In Begum v Maran (UK) Ltd [2021] EWCA Civ 326, the Court of Appeal recently refused to dismiss a claim seeking damages from a UK-domiciled company following its sale of a ship to a third party, which arranged for its disposal in an unsafe manner. Although limited to arguability, it offers key insights into how duties could evolve into the consequences of corporates’ interactions with third parties.

Madison Hardwicke-Hunter

Madison Hardwicke-Hunter


Begum is a claim for damages brought by the widow of a deceased worker (Begum) against a UK-domiciled shipbroker (Maran) relating to a fatal workplace accident on a defunct vessel at a shipbreaking yard in Bangladesh in 2018. Maran (acting as agent) had sold the vessel to a demolition cash buyer, which subsequently sold it to the shipyard.

Begum’s case was that Maran owed the deceased a duty to take reasonable care to ensure that the sale and demolition of the vessel would not endanger human health and the environment, or breach international regulations. In support (it being agreed that Bangladeshi and English law would be materially identical on the same point) Begum first relied on the principles of Donoghue v Stevenson [1932] AC (HL) 562; that is to say, that the injury to the deceased was reasonably foreseeable and he was so closely and directly affected by Maran’s acts that it ought reasonably to have had him in its contemplation when selling the vessel (Route 1). Alternatively, Begum argued that Maran owed a duty under an exception to the rule that a party cannot be liable for the harm caused by third parties, because it was responsible for a source of danger exploited by third parties (Route 2).
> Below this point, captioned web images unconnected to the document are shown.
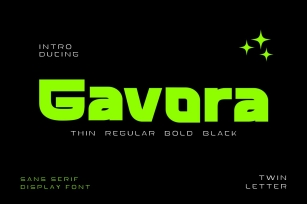 Gavora Font Download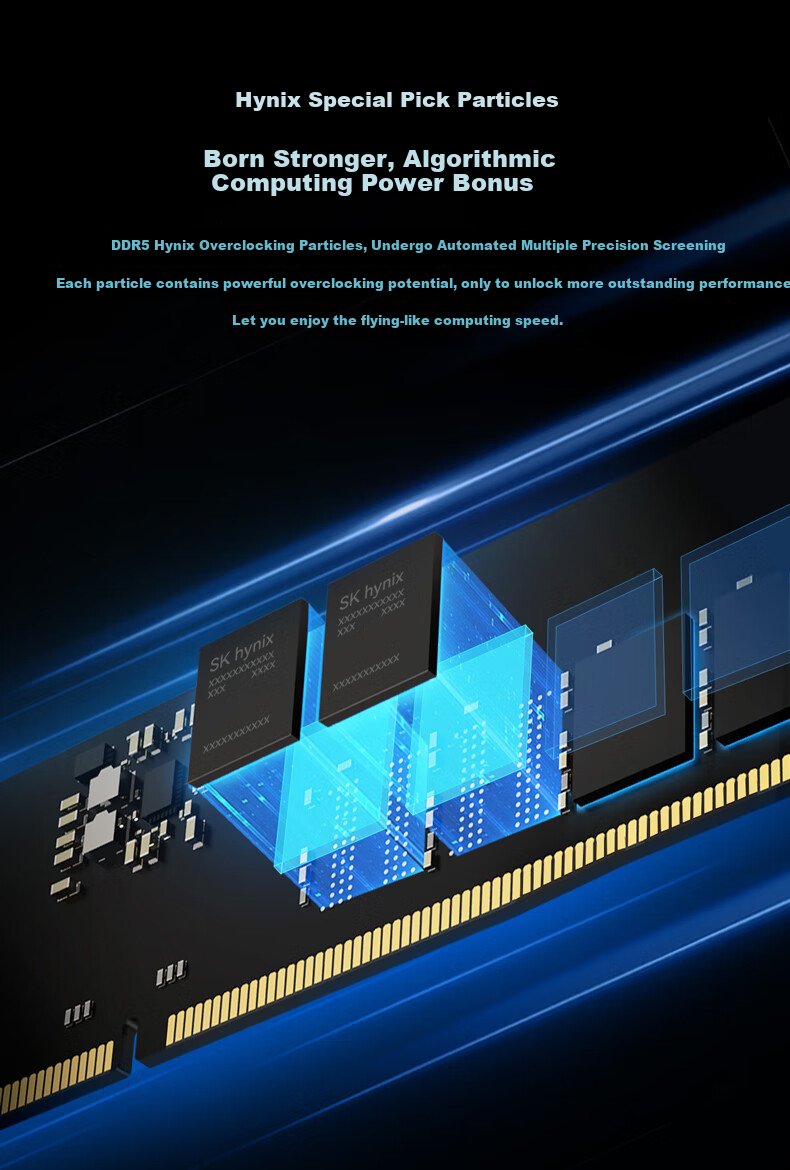 Комплект оперативной памяти BIWIN Shikong Xingzhe DW100 DDR5, 32 ГБ (2x16 ГБ), 8000 МГц, CL36, с RGB подсветкой, черный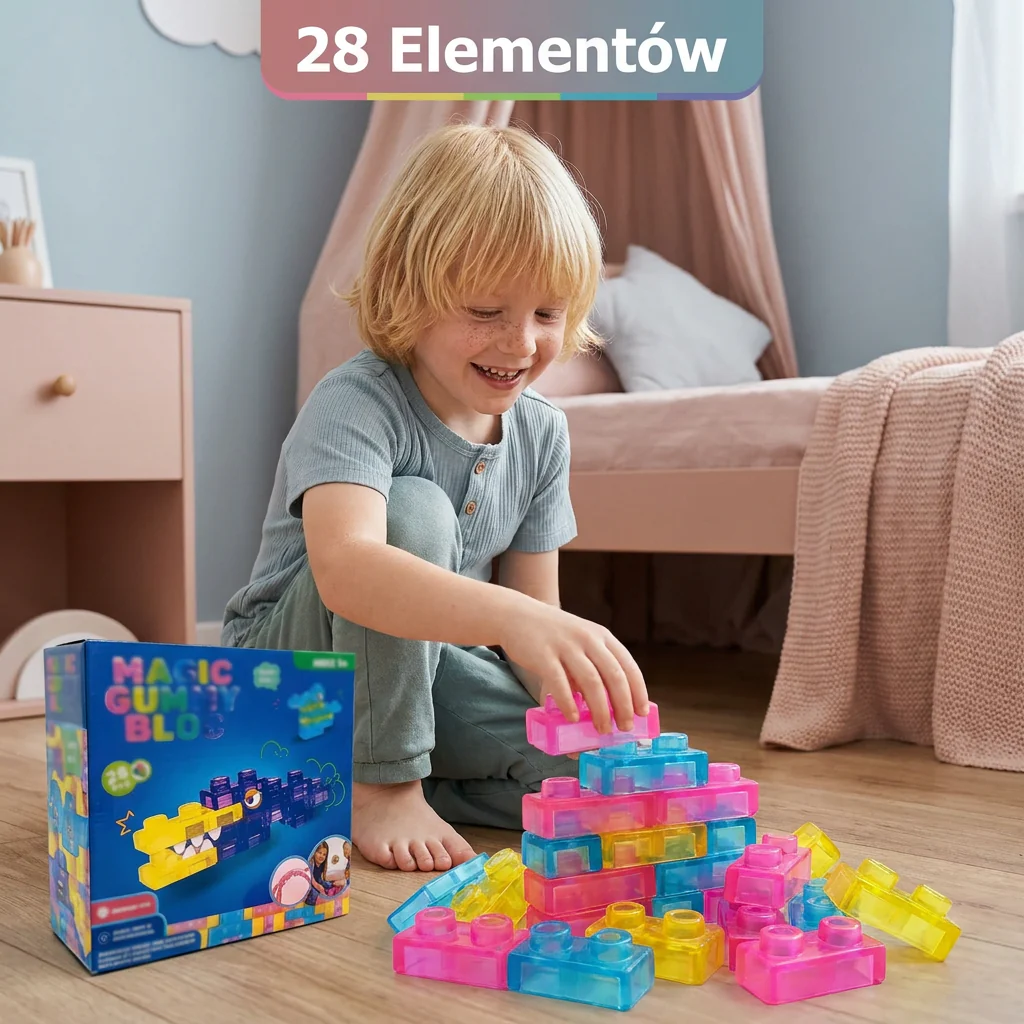 Magiczne Gumowe Klocki – Miękkie Klocki Konstrukcyjne Dla Dzieci - Image 7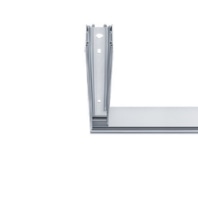 Betoneinbau-EckKanal silber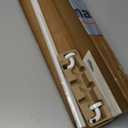 TYRON 1 Pack Magnetic Curtain Rod for Metal Door Adjustable 30-40 Inch, 3/8 in. Diameter, French Door Magnetic Cafe Curtain Rod(White)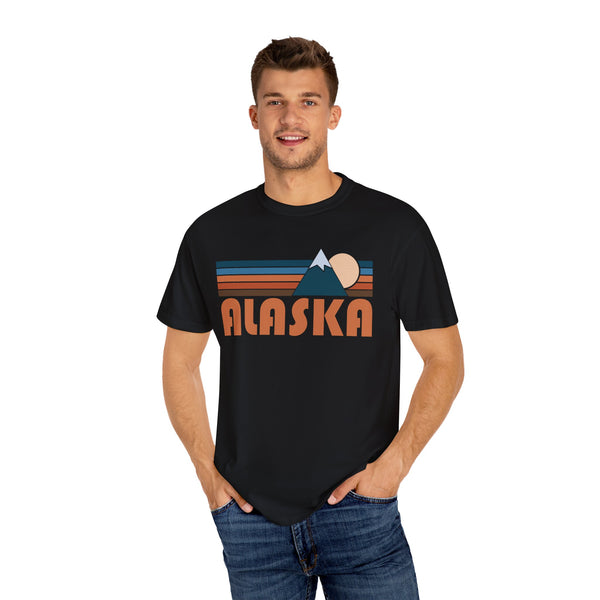 Alaska Graphic Tee, Comfort Colors Retro Unisex T-shirt, Mountain Adventure Shirt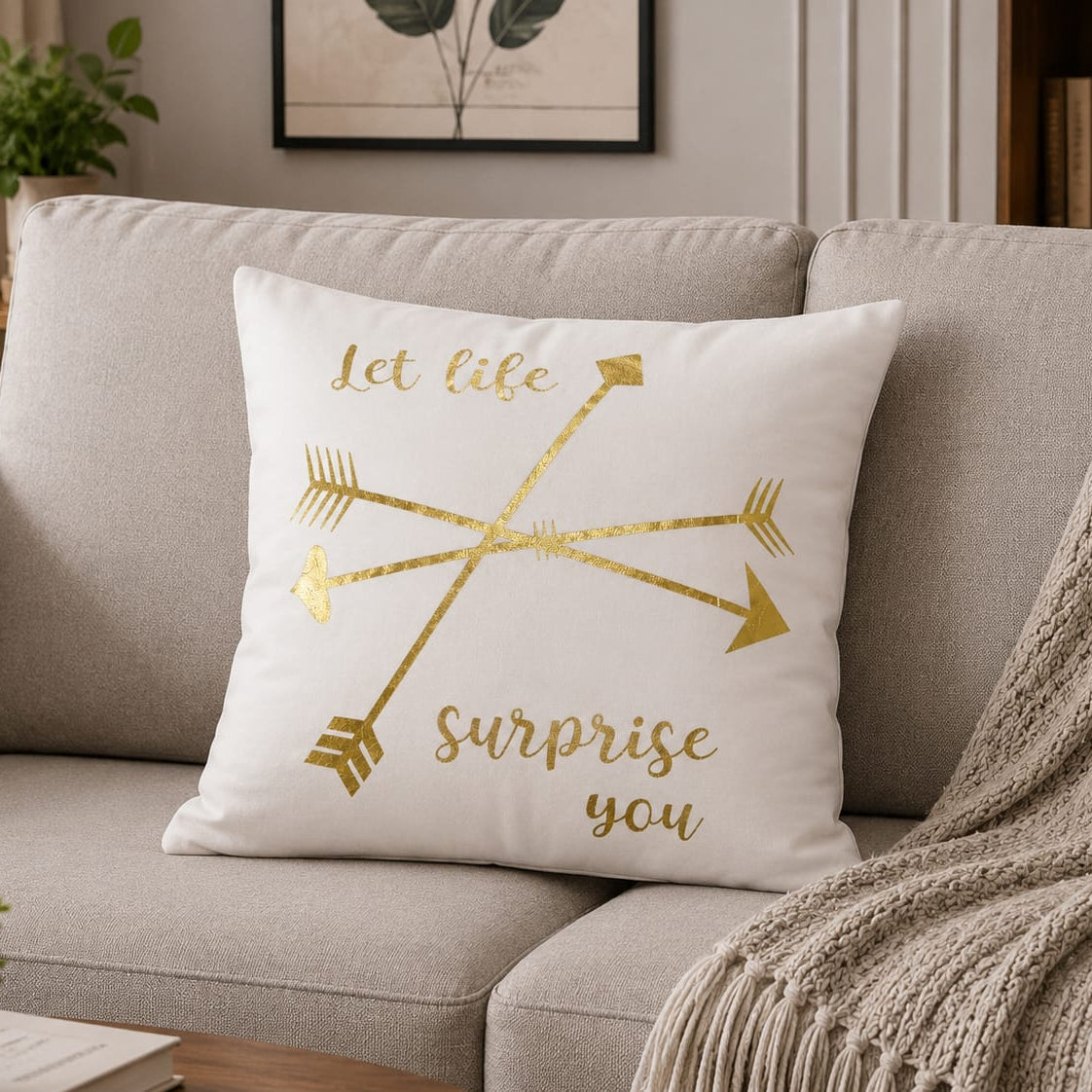 Printed Cushion Cover 45 × 45 cm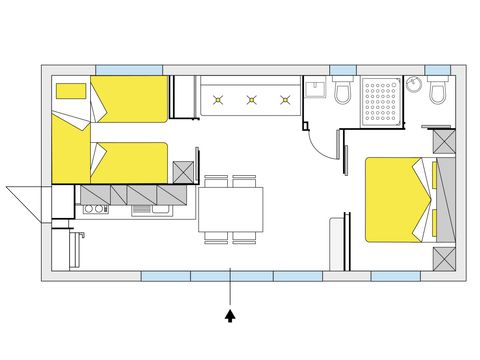 MOBILHOME 5 personnes - Giotto Plus (Comfort)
Maran applied for the claim to be summarily dismissed, on the basis that the above was not arguable and the claim was time-barred. The case was determined on a set of assumed facts (many of which will be disputed at trial), under which Maran was assumed to have had autonomy over the sale and to have chosen a buyer in full knowledge of what would happen to the ship.

Duty of care – Route 1

The Court of Appeal considered that the claim was unlikely to fit neatly within Donoghue v Stevenson principles; in particular, under this head it may be challenging to establish sufficient proximity (due to the involvement of third parties) and there were difficulties regarding the ship itself as a dangerous object. Nonetheless, it was at least arguable (for example, Males LJ commented that proximity might be established if Maran had shipbreaking workers reasonably in contemplation when it sold the vessel and, consequently, involved the intermediate cash buyer to break any potential relationship).

Duty of care – Route 2

The Court of Appeal also noted that it would not be straightforward to establish a duty of care following Route 2, although this had a greater chance of success than Route 1 because it addressed the involvement of a third party in the events giving rise to the claim. Coulson LJ observed that the exception only operated in relatively extreme circumstances and questioned whether the sale of the ship created a source of danger within the boundaries of existing case law.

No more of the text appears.